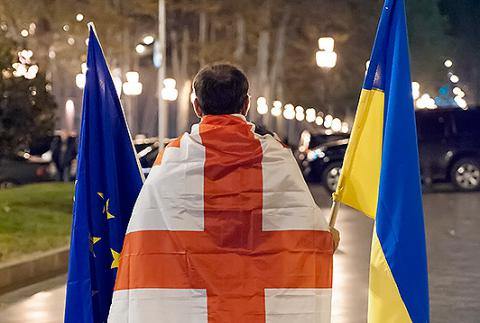 Безвізового режиму для України та Грузії у жовтні не буде Безвізового режиму для України та Грузії у жовтні не буде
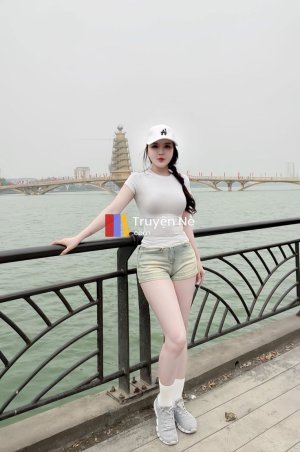 Lễ Đính Hôn Đầy Nước Mắt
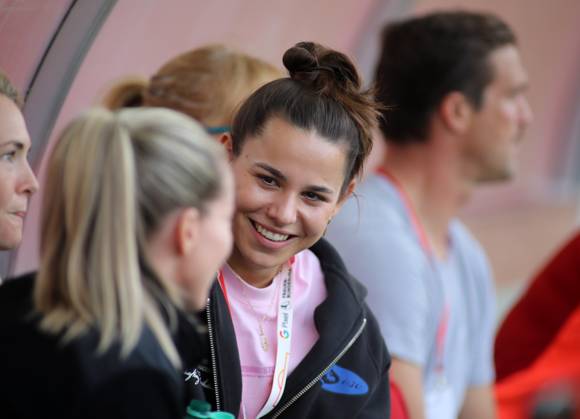 München, Deutschland 23. September 2024: Fussball, FRAUEN, GOOGLE PIXEL FRAUEN-BUNDESLIGA, Saison 2024 2025, FC Bayern München - TSG 1899 Hoffenheim, Campus Lena Oberdorf (FC Bayern München) sitzend, im Gespräch, lächeln, lächelnd, Kopf, Portrait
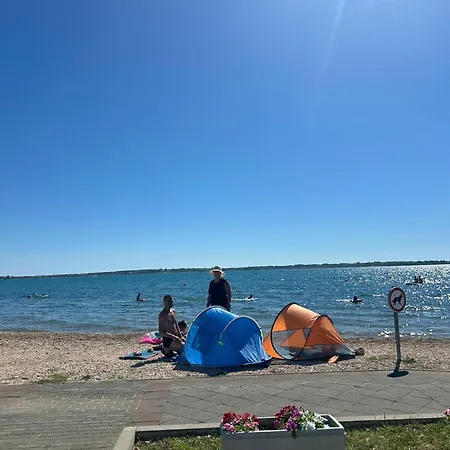 House 82 Vikendica *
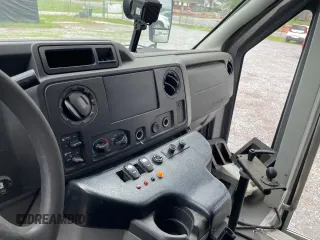 2018 Ford Econoline Cargo with VIN 1FDFE4FSXJDC36091, listed as a Copart auction lot 52462305 with 222,508 mi miles and Clean Title. Bid and sale history available at DreamBid. Image 5.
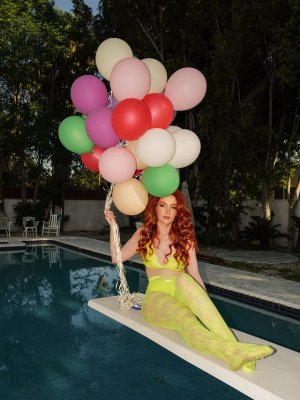 Nicole Simone Photo #32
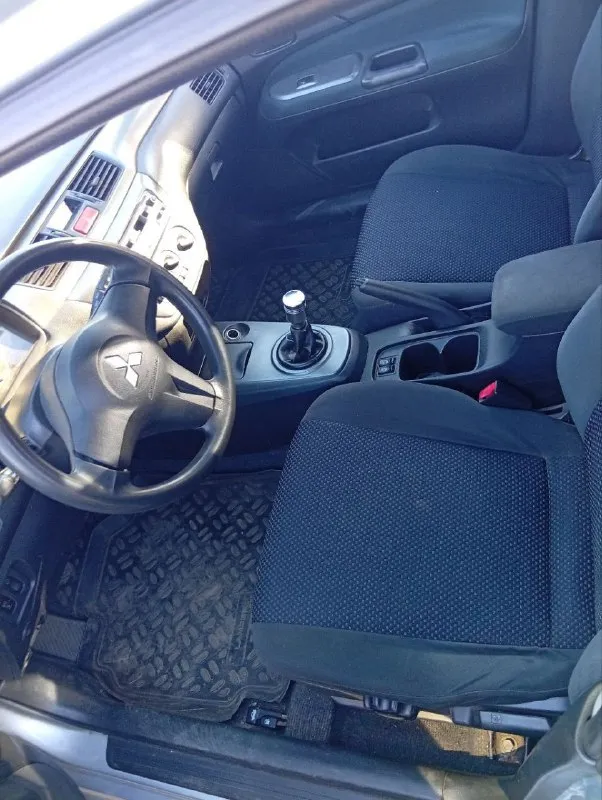 Мицубиси ланцер. 2006 год выпуска, 1.6 бензин, мех 5 ст. пробег 196.000км. автомобиль в хорошем состоянии, полностью на ходу. по кузову в хорошем состоянии (есть конечно рыжики, на переднем крыле, и на задних арках, но не критические без дыр). все стекла оригинал! (лобовое с трещиной) установленна короткоходовая кулиса кпп, распорка " стаканов"!салон в отличном состоянии, вся электрика рабочая, кондиционер рабочий. мотор после ремонта! (были заменены кольца, вкладыши, маслосьмные кольца, ,притерта гбц, +замена грм). по договоренности предоставлю авто на проверку на ваше сто. юридически оформление без проблем!автотека по запросу. могу выслать видео авто. осмотр донецк, ленинский район. прошу 350.000 рублей, торг уместен у капота. больше информации по +79493954619 - фотография - 7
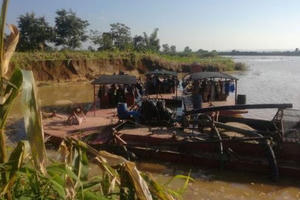 Sự thật tỉnh bắt tàu hút cát lậu, huyện xin trả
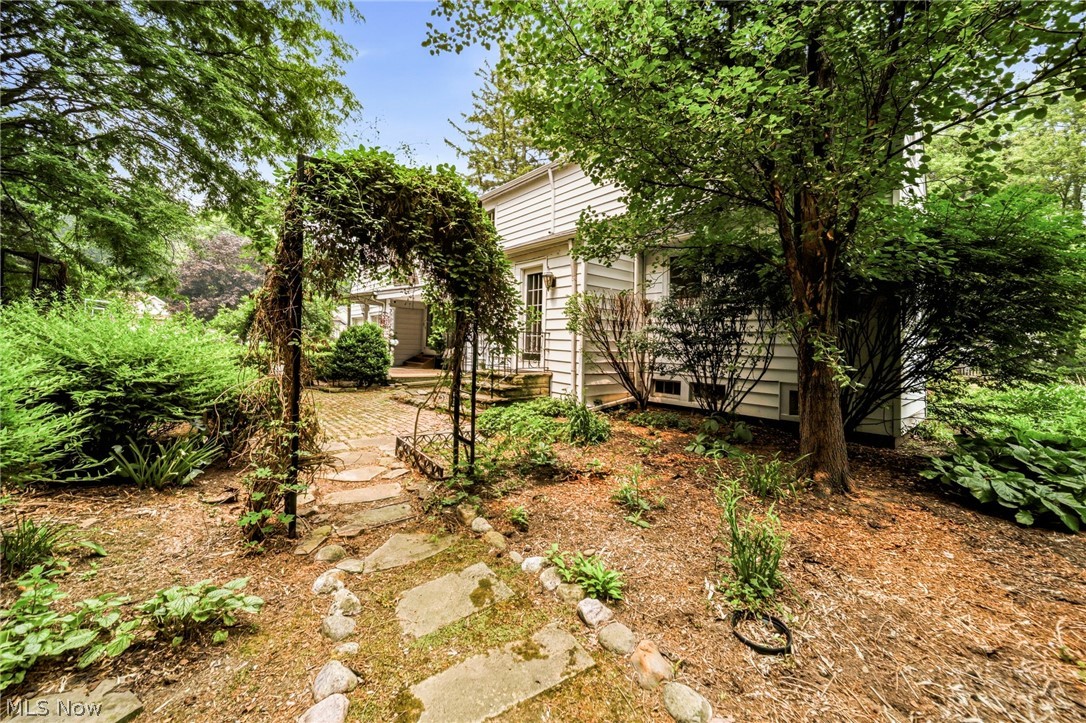 7364 Johnnycake Ridge Road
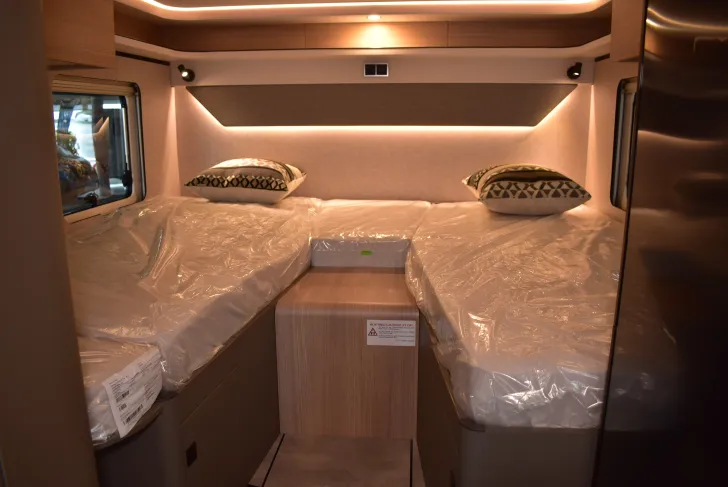 Fahrzeugbild Hymer GT-S 600 Mercedes, Hubbett, 4 Betten #19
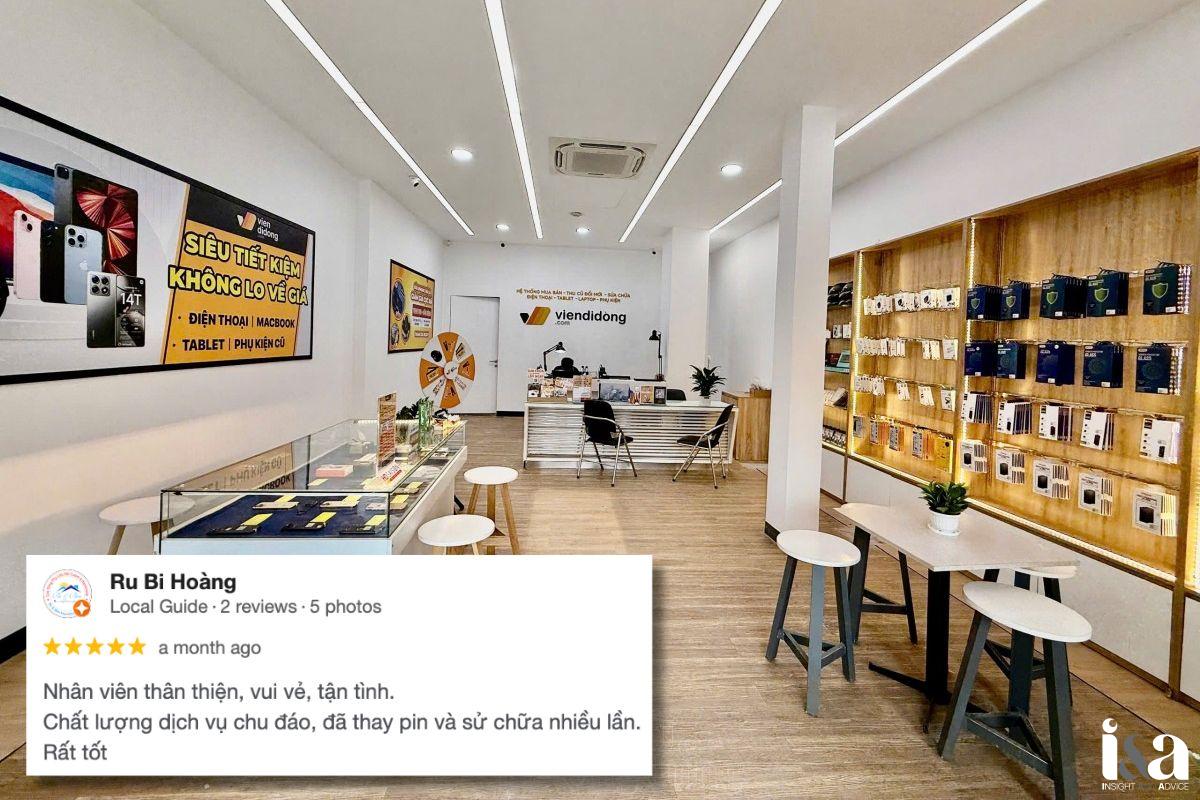 Không gian bên trong cửa hàng Viện Di Động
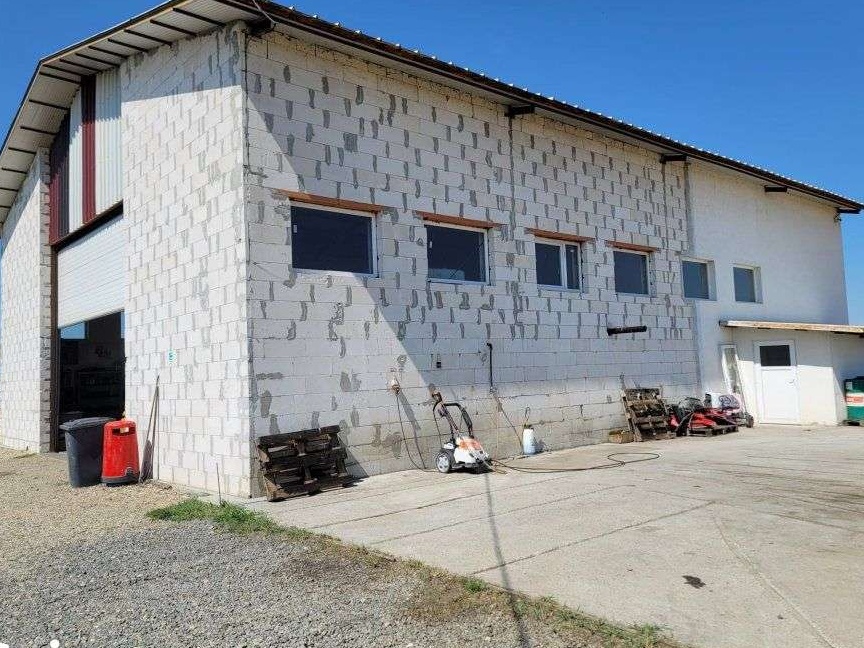 De Vanzare Hala 300 m2 Odoreu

::::::::

Exercise. Output exactly the lines from the first line of the records through the line containing "Sự thật tỉnh". Leave out every picture.

Task output.
 Безвізового режиму для України та Грузії у жовтні не буде Безвізового режиму для України та Грузії у жовтні не буде
 Lễ Đính Hôn Đầy Nước Mắt
 München, Deutschland 23. September 2024: Fussball, FRAUEN, GOOGLE PIXEL FRAUEN-BUNDESLIGA, Saison 2024 2025, FC Bayern München - TSG 1899 Hoffenheim, Campus Lena Oberdorf (FC Bayern München) sitzend, im Gespräch, lächeln, lächelnd, Kopf, Portrait
 House 82 Vikendica *
 2018 Ford Econoline Cargo with VIN 1FDFE4FSXJDC36091, listed as a Copart auction lot 52462305 with 222,508 mi miles and Clean Title. Bid and sale history available at DreamBid. Image 5.
 Nicole Simone Photo #32
 Мицубиси ланцер. 2006 год выпуска, 1.6 бензин, мех 5 ст. пробег 196.000км. автомобиль в хорошем состоянии, полностью на ходу. по кузову в хорошем состоянии (есть конечно рыжики, на переднем крыле, и на задних арках, но не критические без дыр). все стекла оригинал! (лобовое с трещиной) установленна короткоходовая кулиса кпп, распорка " стаканов"!салон в отличном состоянии, вся электрика рабочая, кондиционер рабочий. мотор после ремонта! (были заменены кольца, вкладыши, маслосьмные кольца, ,притерта гбц, +замена грм). по договоренности предоставлю авто на проверку на ваше сто. юридически оформление без проблем!автотека по запросу. могу выслать видео авто. осмотр донецк, ленинский район. прошу 350.000 рублей, торг уместен у капота. больше информации по +79493954619 - фотография - 7
 Sự thật tỉnh bắt tàu hút cát lậu, huyện xin trả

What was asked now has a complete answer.